Traditional stretch bending die (a) and new stretch bending die with variable die clearance and groove depth (b)

To verify the validity of the research conclusion and rationality of the new die design, a die with variable die clearance and groove depth was processed. The forming experiments were conducted on an NC stretch bending machine imported from Cyril Bath Company in the USA, as shown in Fig. 12. After the experiments, high-quality stretch bending components were obtained. As shown in Fig. 13a, the sidewall is smooth and there is no wrinkling in the small-arc segment of the stretch bending component. Eight positions are selected in the S7 section of the small-arc segment. A feeler gauge is applied to measure the gap between the section and square gauge (Fig. 13b), and the measurement results are defined as the section accuracy deviation, as shown in Fig. 14a. All the section accuracy deviations meet the accuracy requirement of less than 0.5 mm. As can be seen from Fig. 13c, the overall contour well fits the contour accuracy measurement template. The contour template was processed using a laser cutting method according to the outer surface curve of the standard component. Similarly, a feeler gauge was applied to measure the gap between the formed component and contour template. Eventually, the measurement results of the contour accuracy deviations are shown in Fig. 14b, which meet the requirement of the contour accuracy deviation being within 1 mm. The experimental results are basically in agreement with the finite element analyses. All these prove the effectiveness of the defect control measures described in this paper.

Fig. 12
figure 12

Stretch bending experiment

Fig. 13
figure 13

High-quality stretch bending component without wrinkling (a) and section distortion (b), and with high contour accuracy (c)

Fig. 14
figure 14

Section accuracy deviation (a) and contour accuracy deviation (b) of component

5 Conclusions

  1. 1.

    Based on the numerical simulation analysis of the stretch bending process, a new type of stretch bending die with variable die clearance and groove depth is developed.

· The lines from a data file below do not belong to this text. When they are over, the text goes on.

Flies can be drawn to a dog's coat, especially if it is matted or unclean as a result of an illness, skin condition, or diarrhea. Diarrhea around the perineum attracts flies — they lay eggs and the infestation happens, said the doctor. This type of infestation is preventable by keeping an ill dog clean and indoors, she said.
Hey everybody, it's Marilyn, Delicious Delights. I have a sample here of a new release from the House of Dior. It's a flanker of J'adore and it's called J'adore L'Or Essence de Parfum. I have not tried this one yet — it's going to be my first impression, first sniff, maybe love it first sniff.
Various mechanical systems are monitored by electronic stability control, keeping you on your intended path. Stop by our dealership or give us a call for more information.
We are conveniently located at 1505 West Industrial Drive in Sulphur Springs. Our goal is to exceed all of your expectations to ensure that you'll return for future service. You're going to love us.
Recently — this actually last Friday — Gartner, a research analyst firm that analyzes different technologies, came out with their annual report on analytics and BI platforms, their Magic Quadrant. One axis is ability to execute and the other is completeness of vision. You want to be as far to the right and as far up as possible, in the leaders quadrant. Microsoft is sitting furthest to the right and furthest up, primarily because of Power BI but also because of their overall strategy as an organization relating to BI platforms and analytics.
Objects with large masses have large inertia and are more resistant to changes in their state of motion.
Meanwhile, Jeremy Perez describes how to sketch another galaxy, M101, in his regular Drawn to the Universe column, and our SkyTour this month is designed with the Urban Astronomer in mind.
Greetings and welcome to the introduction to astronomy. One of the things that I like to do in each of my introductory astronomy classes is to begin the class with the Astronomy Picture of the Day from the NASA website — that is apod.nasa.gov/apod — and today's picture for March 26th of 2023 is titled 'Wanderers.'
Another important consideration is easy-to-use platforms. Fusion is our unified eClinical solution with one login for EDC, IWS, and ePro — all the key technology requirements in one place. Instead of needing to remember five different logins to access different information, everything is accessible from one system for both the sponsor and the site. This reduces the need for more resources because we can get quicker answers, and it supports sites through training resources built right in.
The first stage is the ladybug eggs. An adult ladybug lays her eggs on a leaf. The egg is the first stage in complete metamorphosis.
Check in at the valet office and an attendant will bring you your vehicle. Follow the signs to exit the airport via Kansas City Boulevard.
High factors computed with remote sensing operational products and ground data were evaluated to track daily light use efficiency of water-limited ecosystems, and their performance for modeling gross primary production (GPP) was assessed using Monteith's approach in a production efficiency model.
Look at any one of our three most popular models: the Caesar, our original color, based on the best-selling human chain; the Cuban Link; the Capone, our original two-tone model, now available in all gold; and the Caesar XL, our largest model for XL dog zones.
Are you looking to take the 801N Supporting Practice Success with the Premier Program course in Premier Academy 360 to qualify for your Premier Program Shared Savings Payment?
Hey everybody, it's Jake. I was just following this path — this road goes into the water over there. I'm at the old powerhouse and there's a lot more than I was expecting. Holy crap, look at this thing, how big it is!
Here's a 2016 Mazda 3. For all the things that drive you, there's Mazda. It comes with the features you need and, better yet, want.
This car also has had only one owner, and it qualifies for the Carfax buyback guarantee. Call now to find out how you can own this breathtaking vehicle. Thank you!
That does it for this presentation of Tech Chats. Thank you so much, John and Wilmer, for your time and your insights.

It resolves the issues caused by some stretch bending defects which cannot be solved by the traditional stretch bending die having uniform die clearance and groove depth.

  2. 2.

    The die clearance and elongation are the main process parameters affecting the wrinkling. For the components studied in this work, wrinkling in the small-arc segment is basically eliminated when the die clearance is 1.1 times the profile thickness and elongation is 10% of the initial profile length.

  3. 3.

    The section distortion in the L-section stretch bending component is mainly caused by sidewall shrinkage. They can be effectively eliminated by controlling the die groove depth to compensate for the sidewall shrinkage during the stretch bending. The appropriate die groove depth modified value is 1.1 times the sidewall shrinkage value.

  4. 4.

    The contour accuracy is poor owing to the significant springback. It can be effectively controlled by die surface modification based on the springback value. For the components studied in this work, a reasonable die surface modified value is 1.2 times the springback value.